The 1984 Yearbook of Astronomy and What’s New in Space, just two of the books edited and written by Moore.
And now for something a bit more cheerful. Anton Petrov is the Russian presenter of the YouTube show, ‘What Da Math’, about space and astronomy. The video below is the second part of his tribute to the Russian cosmonaut, Alexey Leonov, who passed away on October 11th, 2019. Leonov was the first man to make a spacewalk, but as his previous video also showed, he was also an artist. He worked with another artist, Andrei Sokolov, on the illustrations for a number of popular science books. Petrov’s earlier video showed some of them. This is a longer look at those paintings, which Petrov dedicates to those who dedicate their lives to inspiring humanity.
The paintings shown are truly beautiful. Yes, there are landscapes of the dull grey moons and the metal of rockets and space stations against the black of space. But it’s also a universe of rich, deep colour – vibrant reds, yellows, blues and greens – the light of alien suns on the unearthly landscapes of distant worlds. They’re depictions of a future that never arrived, done when it seemed that Russia would win the space race and Communism would lead humanity to a more prosperous, technological future of international proletarian brotherhood. Progressive humanity would at last realise its destiny and conquer space, moving outward to space stations, the moon and then the rest of the Solar system and the stars beyond. It never happened. Communism collapsed, and the Soviets lost the space race. They had a record of spectacular firsts – first satellite, first man in space, first space walk, a series of successful probes to the planets and a solid record of prolonged life and research in orbit in the Salyut space stations. But they were beaten to the Moon by the Americans. The massive N1 rockets that would have taken them there kept blowing up until the programme was finally cancelled. Instead of sending a man, the Russians had to send instead an automated rover, the Lunakhod. In itself, this is no mean achievement, but it couldn’t match that of Armstrong, Aldrin and their successors. But these paintings look forward to that failed future.

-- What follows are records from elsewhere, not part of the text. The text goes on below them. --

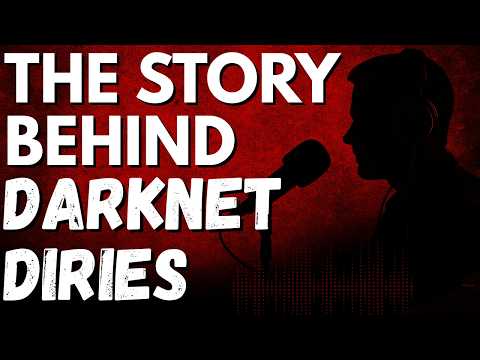 The Untold Story of Darknet Diaries
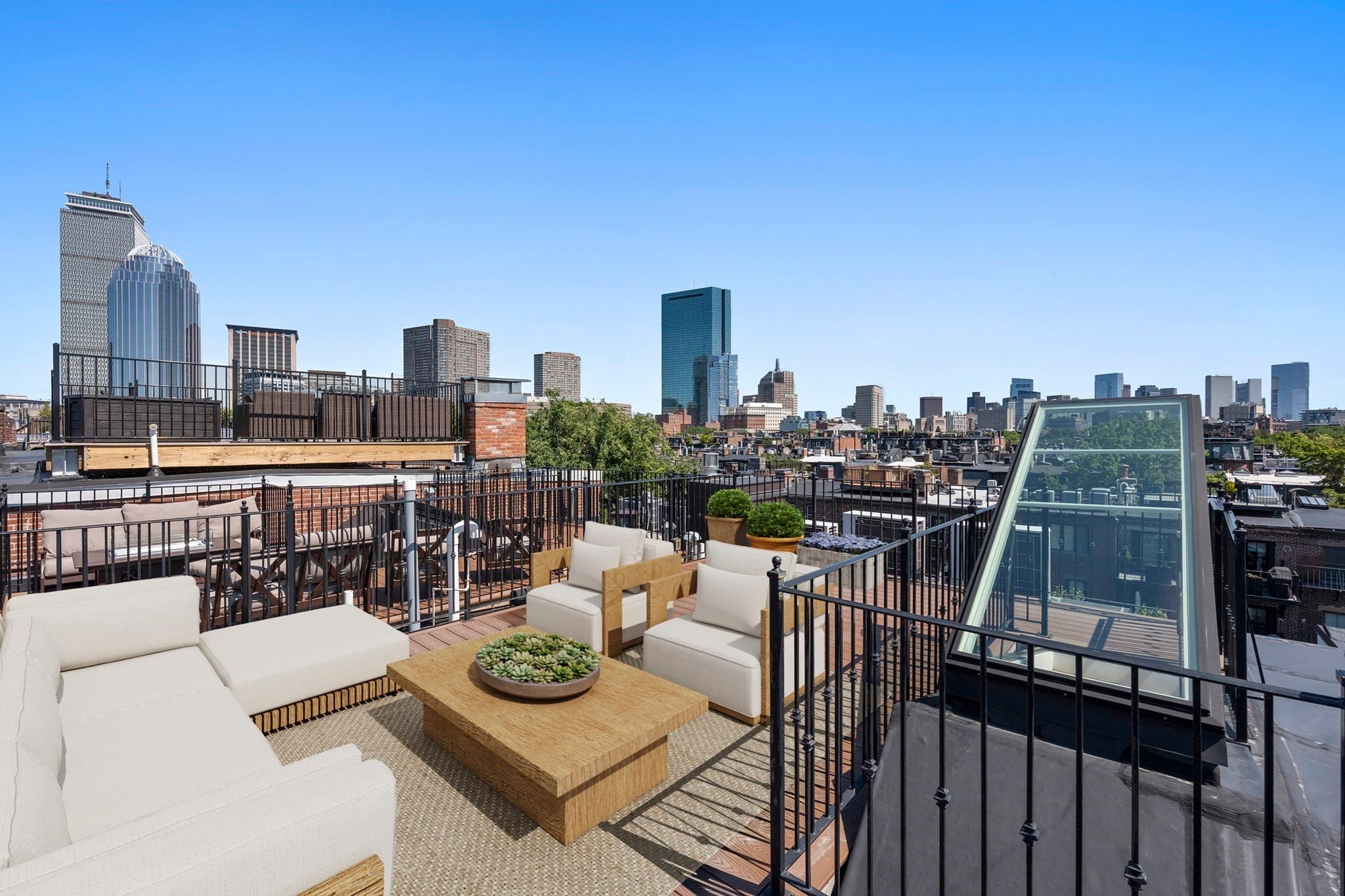 Single Family Residence at 21 Rutland Square, Boston MA 02118, Boston, photo 31 of 39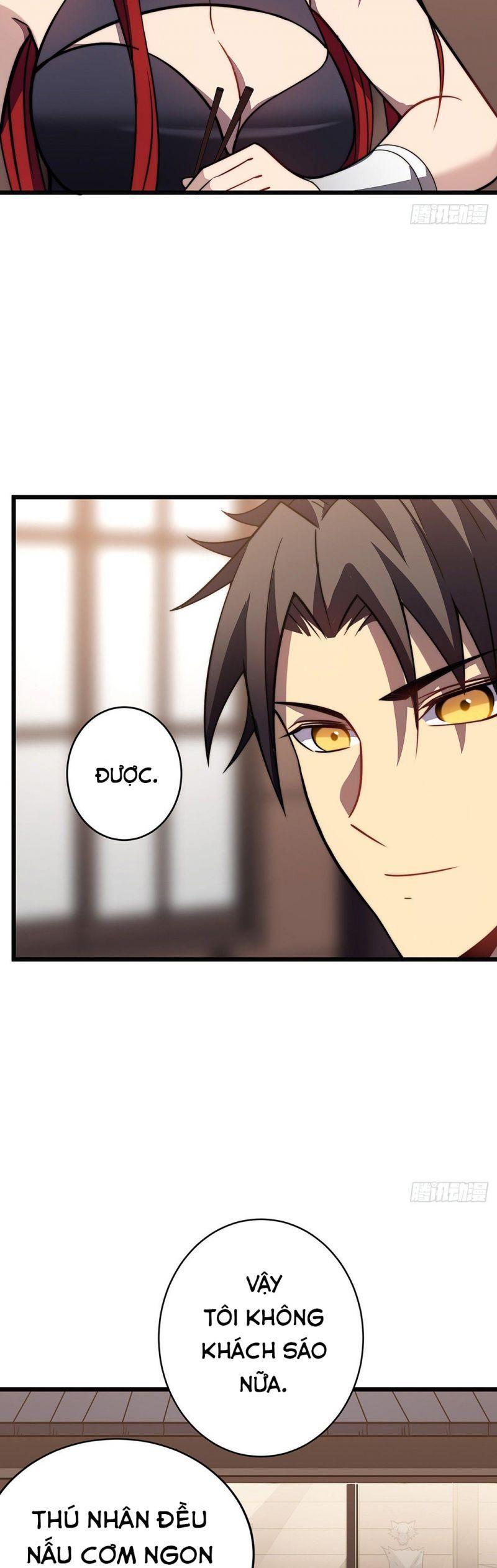 Ta Là Sát Thần: Chapter 29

However, it’s possible that something like the future they envisaged may yet come to be. Not created solely by the Russians, of course, but by all the other countries that are now entering space. Nations like India and China, as well as America, Britain and France, Germany and Switzerland with their designs for space shuttles. And if the Space Age really is going to arrive at last, it’s been a very long time coming. It’s fifty years since Neil Armstrong first walked on the Moon, and some of us would humanity to return for good. The Space Race always was somewhat artificial in that it was driven by largely political reasons, as both the Soviets and Americans tried to show which of their systems was superior by outperforming the other. But if the head of the Russian space programme, Sergei Korolyov had not died, but had lived to guide the design and construction of the N1, I think the situation might have been very different today. The N1 might have become a success, and the Russians just might have sent their own people to the Moon. They may not have beaten the Americans, but they would have come a very close second. And if that had happened, I don’t doubt that we’d have had a permanent base on the Moon. Just to make sure that the Soviets didn’t have all the place to themselves.
According to Petrov, the paintings themselves were taken from old postcards which are very difficult to get hold of. This is a pity, as these are paintings that would, I am sure, find an audience among western as well as Russian space fans and enthusiasts. There is a market for books and albums of SF and Fantasy art. Waterstones even has on its SF, Fantasy and Horror shelves collections of 100 postcards of Science Fiction book covers. Some of the published histories of SF, like John Clute’s Science Fiction: An Illustrated History – use illustrations from the novels, pulps and other magazines. There is thus space available, if I may use that phrase, for a similar volume of Russian and eastern European space art. Tarkovsky’s great Science Fiction films, Solaris and Stalker, are considered to be two of the classics of SF cinema. Similarly the Czech SF film, Ikarus IE was shown a couple of years ago at a British cinema. So why not a showcase of Russian and eastern European space art?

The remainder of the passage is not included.